I received a call the other day, really it was an email but the purpose was the same. It was a question, asked by the person who took over my previous role at work, “do you want to golf on Sunday?”. Now that sounds like a harmless question, and it may be just that simple, however my mind went into overdrive and I pondered the “What ifs?”
- What if he is really schmoozing me to find out if I want to go back to work on contract?
- What if he’s not, and he just wants to golf?
- What if he misses my smiling face and wants to bond?
- What if it’s none of the above?
Tough questions, all of them….. Not really!
I surmise what’s really happening is my ego is acting up, setting the stage for an “I’m so great and they can’t accomplish anything without me” attitude. I am thinking that in my deep hurt from how I left my career that I am looking for vindication on some level. I also suspect that this response is normal, or I certainly hope so. I don’t want to think I’m unbalanced or anything. I’m not happy that I feel this way, thinking my ego is taking over, but it wouldn’t be a stretch to my way of thinking.

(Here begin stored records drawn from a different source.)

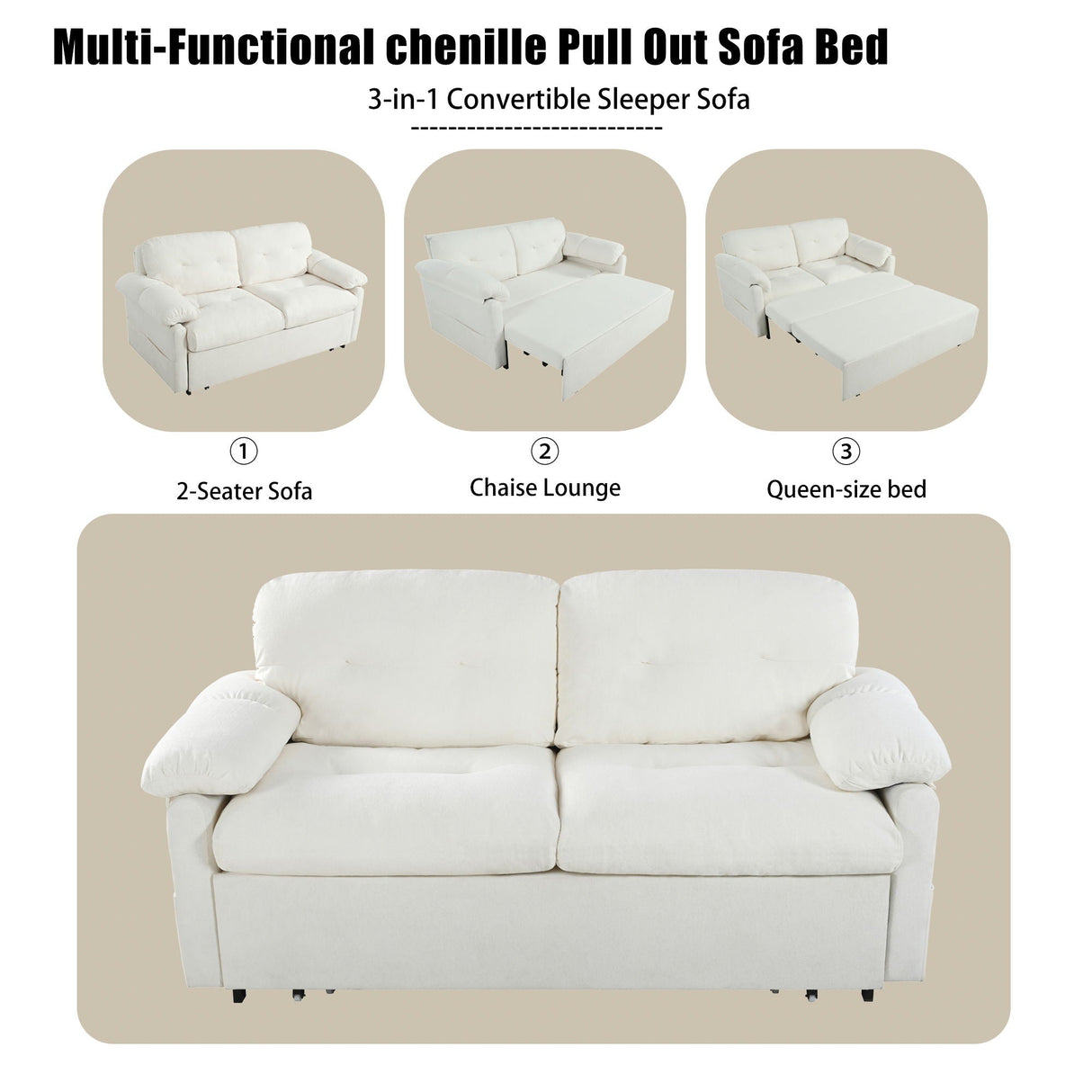 Convertible Pull Out Sofa Bed Queen Size, 3 In 1 With Side Storage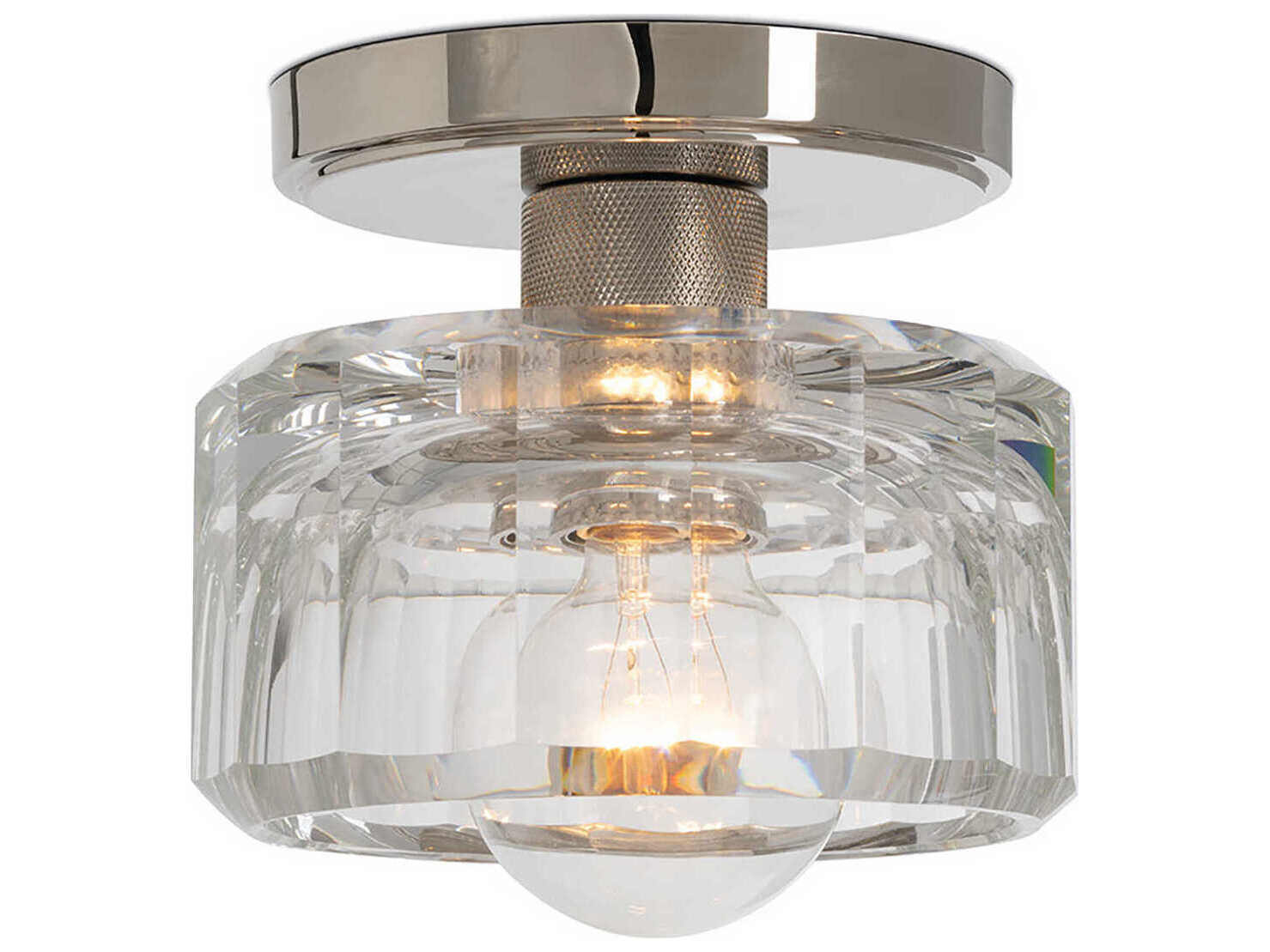 Regina Andrew Bijoux 1-Light Nickel Cylinder Semi Flush Mount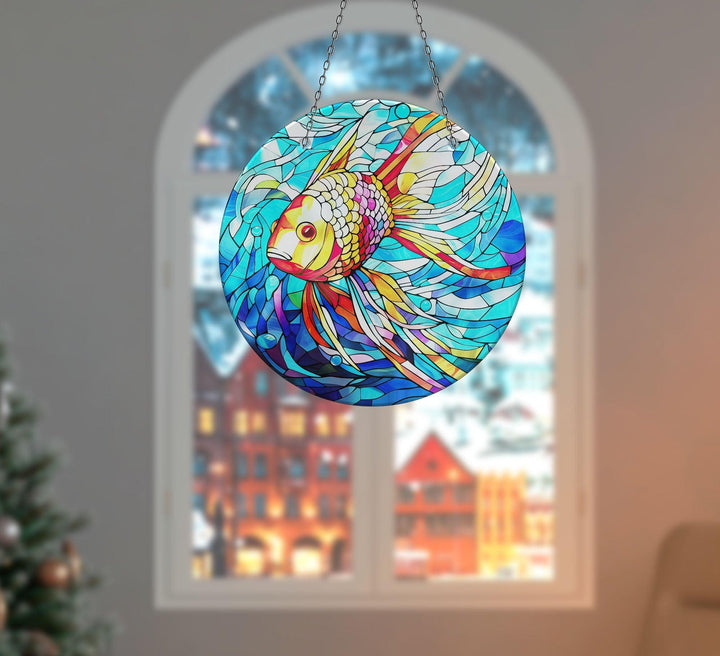 Goldfish Suncatcher Decor Elegant Tempered Glass Design for Windows | Myphotostation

I did email him back and I told him we were on the road camping, that I’d be unable to meet him. “When you get back call me” he said. Does that sound like somethings afoot to you? He has never asked me to golf yet, nor has he ever suggested I call him. Hmmm, inquiring minds need to know.
When all is said and done and our lives get back to normal I’m sure I’ll find out what the scuttle is, until then I’m left wondering. And the question is not only whether that’s what he wanted it’s also what will/would my answer be? That is the bigger question now isn’t it, to work or not to work? That’s the harder one to answer.